___ AVAILABLE DATA

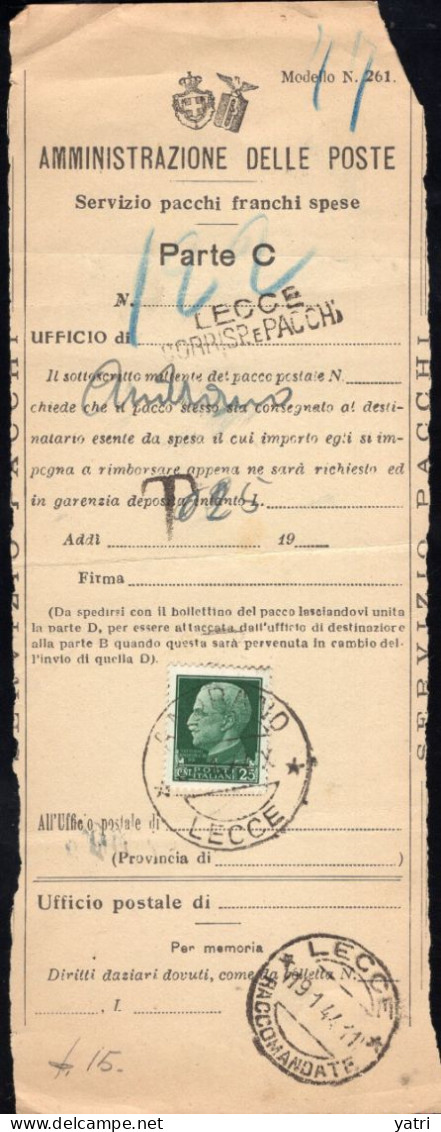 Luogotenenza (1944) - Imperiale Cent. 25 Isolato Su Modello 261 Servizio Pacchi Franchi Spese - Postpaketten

______
___ AVAILABLE DATA

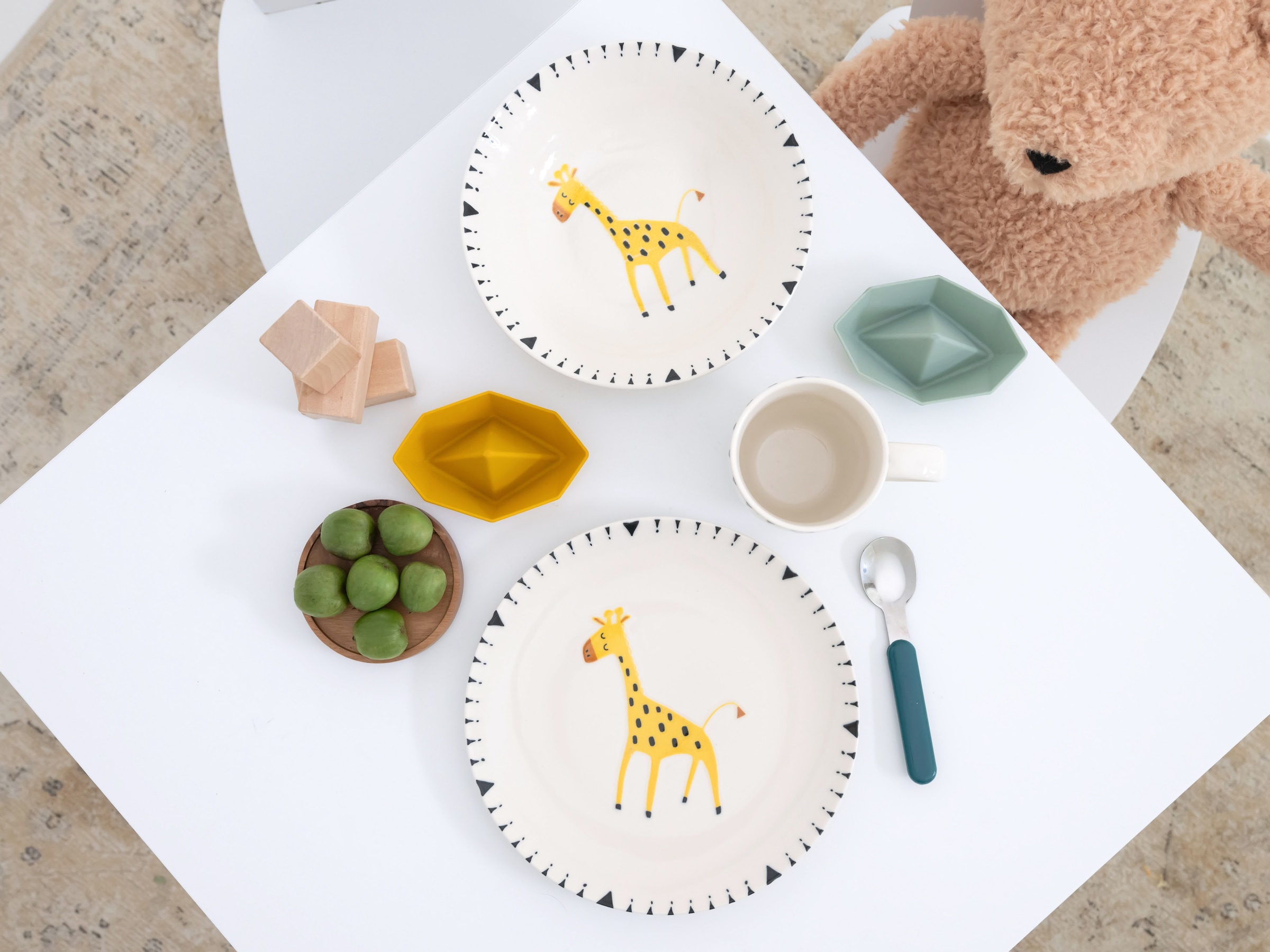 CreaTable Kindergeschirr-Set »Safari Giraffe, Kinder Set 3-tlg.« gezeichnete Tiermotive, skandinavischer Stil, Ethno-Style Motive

______
___ AVAILABLE DATA

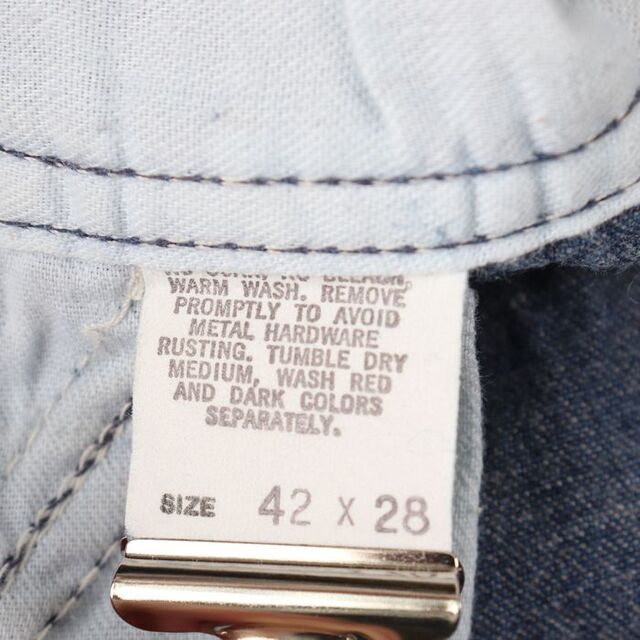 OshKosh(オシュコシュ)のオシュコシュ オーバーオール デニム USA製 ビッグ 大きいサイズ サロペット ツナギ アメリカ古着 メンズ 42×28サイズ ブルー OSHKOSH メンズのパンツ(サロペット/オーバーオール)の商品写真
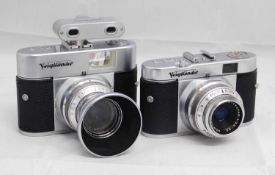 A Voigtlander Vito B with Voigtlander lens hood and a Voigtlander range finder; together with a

______

_TASK OBJECTIVE_
Copy the lines above exactly, starting with the line that contains "OshKosh(オシュコシュ)のオシュコシュ オーバーオール デニム" and ending with the line that contains "A Voigtlander Vito", and leave out any pictures.

_TASK RESULT_
 OshKosh(オシュコシュ)のオシュコシュ オーバーオール デニム USA製 ビッグ 大きいサイズ サロペット ツナギ アメリカ古着 メンズ 42×28サイズ ブルー OSHKOSH メンズのパンツ(サロペット/オーバーオール)の商品写真
 A Voigtlander Vito B with Voigtlander lens hood and a Voigtlander range finder; together with a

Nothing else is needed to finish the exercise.